There are also approaches to harden root solutions with e.g. PIN protections and other things that was not originally there, such solutions can make it harder to tamper with root assuming you installed an malicious app that tries to invoke an isolated root process. It is of course not perfect but at the end which software is absolute secure - none - until proven otherwise.
However, the media still spreads outdated information about how insecure is is, which is in the real-world not the case as most root solutions log access, restrict access or add additional layers. The rooting game actually got more open and it could be enhanced by implementing it directly into the OS and then adopt and make it part of the OS, security exploits against the OS or the rooting system then could be patched like you would patch other security holes, this could be made as an optional mechanism for those who want to gain full control.
Less evidence exist that root is per-see insecure, most evidence depends on malicious apps that exploit or undermine the trust system by e.g. injecting additional code into it. This is actually a problem but solvable by fixing the root process or harden it, prevent malicious code like it to be executed in the first place or build strategies to disallow known drive-by malware that comes with such malicious apps.

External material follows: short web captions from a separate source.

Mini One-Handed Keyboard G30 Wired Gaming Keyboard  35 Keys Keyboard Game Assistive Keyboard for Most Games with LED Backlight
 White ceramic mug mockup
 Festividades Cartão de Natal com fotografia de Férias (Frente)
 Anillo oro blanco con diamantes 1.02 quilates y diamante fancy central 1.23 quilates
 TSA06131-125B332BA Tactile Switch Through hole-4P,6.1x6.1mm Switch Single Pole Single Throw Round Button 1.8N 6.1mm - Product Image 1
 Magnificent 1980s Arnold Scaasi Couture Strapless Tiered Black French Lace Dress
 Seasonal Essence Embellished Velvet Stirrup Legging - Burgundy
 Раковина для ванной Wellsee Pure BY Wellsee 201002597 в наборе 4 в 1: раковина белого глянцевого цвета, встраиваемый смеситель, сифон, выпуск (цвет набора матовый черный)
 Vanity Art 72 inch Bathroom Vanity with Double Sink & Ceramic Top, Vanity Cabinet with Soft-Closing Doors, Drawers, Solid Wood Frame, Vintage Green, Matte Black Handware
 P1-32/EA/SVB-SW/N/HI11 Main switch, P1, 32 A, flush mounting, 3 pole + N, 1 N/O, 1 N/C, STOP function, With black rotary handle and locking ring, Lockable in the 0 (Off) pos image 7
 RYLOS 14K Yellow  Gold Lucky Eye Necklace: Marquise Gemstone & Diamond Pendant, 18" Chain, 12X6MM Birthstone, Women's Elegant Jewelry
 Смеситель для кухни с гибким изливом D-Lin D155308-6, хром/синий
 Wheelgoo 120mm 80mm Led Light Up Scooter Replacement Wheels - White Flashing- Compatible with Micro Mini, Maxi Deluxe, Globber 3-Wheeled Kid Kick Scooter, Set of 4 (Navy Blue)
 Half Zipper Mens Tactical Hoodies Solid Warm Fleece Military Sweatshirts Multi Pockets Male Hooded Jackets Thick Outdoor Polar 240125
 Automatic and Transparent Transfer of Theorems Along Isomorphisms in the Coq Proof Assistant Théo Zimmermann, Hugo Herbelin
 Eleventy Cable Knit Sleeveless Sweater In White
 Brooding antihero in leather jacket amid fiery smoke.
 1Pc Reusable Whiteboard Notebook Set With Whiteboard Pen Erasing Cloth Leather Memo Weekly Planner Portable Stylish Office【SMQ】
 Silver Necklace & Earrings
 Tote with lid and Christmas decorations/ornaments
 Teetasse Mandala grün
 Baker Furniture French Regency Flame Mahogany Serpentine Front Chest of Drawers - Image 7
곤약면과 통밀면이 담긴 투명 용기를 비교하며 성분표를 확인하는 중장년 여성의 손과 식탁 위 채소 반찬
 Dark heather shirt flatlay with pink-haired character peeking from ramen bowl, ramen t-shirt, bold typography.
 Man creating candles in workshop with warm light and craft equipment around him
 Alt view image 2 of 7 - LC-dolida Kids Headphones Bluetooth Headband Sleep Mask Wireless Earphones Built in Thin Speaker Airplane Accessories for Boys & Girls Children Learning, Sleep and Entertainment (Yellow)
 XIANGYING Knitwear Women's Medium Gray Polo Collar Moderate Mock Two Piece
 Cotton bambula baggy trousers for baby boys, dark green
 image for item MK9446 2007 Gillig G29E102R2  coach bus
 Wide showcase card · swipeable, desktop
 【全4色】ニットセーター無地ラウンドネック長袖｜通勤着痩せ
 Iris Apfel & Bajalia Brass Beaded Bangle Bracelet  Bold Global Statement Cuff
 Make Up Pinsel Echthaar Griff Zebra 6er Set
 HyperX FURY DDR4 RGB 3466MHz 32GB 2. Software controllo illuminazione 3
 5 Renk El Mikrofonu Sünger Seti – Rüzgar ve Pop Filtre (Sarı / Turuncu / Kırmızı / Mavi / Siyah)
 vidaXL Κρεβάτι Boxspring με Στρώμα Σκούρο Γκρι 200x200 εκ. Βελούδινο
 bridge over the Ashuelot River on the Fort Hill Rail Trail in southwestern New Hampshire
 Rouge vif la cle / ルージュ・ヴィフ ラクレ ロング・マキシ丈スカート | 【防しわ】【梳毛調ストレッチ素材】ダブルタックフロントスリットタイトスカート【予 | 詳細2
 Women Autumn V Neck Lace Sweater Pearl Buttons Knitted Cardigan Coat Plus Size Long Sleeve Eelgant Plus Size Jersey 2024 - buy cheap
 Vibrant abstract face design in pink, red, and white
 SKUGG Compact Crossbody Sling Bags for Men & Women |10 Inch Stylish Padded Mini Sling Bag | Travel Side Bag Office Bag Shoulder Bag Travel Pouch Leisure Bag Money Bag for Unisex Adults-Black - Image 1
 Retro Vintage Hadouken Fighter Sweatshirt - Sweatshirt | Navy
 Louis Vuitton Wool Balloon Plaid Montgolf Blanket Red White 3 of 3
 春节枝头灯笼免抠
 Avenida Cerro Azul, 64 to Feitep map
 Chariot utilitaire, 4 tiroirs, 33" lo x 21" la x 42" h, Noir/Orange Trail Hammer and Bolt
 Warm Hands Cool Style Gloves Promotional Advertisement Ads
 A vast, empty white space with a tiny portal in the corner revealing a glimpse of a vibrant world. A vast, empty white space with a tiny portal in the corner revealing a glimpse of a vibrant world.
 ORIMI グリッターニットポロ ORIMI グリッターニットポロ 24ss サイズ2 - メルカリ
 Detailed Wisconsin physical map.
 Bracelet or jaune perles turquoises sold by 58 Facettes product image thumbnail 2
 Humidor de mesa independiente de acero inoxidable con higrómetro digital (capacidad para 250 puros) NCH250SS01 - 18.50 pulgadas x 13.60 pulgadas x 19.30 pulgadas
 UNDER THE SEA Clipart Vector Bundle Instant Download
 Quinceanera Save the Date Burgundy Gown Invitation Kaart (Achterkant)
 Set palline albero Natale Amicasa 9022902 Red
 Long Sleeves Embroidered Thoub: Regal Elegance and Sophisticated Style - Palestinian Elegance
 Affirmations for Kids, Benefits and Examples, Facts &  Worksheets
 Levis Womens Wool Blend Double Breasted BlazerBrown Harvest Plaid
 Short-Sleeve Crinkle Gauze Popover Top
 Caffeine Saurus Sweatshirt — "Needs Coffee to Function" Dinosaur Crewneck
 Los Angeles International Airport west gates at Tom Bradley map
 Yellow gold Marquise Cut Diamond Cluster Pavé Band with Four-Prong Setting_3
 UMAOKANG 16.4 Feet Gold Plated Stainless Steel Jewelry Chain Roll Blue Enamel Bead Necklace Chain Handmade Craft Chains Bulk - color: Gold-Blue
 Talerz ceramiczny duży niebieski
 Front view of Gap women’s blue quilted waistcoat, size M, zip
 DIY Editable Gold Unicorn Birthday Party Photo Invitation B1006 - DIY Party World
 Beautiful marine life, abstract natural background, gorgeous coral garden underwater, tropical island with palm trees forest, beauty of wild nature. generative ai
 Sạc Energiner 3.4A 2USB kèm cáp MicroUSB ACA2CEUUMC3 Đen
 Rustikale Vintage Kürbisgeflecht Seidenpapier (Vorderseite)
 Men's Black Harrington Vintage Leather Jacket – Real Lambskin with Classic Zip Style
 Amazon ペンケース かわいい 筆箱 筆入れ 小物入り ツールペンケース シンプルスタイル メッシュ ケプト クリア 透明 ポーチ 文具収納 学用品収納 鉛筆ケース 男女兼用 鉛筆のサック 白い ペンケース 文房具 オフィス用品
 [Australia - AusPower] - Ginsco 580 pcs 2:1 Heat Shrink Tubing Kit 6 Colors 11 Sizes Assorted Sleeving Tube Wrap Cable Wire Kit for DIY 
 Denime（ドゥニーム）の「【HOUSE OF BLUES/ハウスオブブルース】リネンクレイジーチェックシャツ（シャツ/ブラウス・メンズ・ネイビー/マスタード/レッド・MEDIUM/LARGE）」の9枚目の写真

If you have no ability to root or gain privileged access some people even a bigger target, because of it. This is the opposite of security because what does the user do if he has no integrated option to gain root, well he searches the internet and might install random app or anyway ends up with the mentioned two or three approved systems. Malware typically starts here, people search and install random apps but eliminating this part could solve or reduce this vector a lot.
It should be pointed out that a user who is already privacy oriented inform himself anyway about possible risks or revoke root privileges once he is done, or even deactivates or uninstalls the root app. I see here less of a problem giving users control over the procedure.
Killer argument, but root could lead to malware that cannot be removed or starts with the boot mechanism.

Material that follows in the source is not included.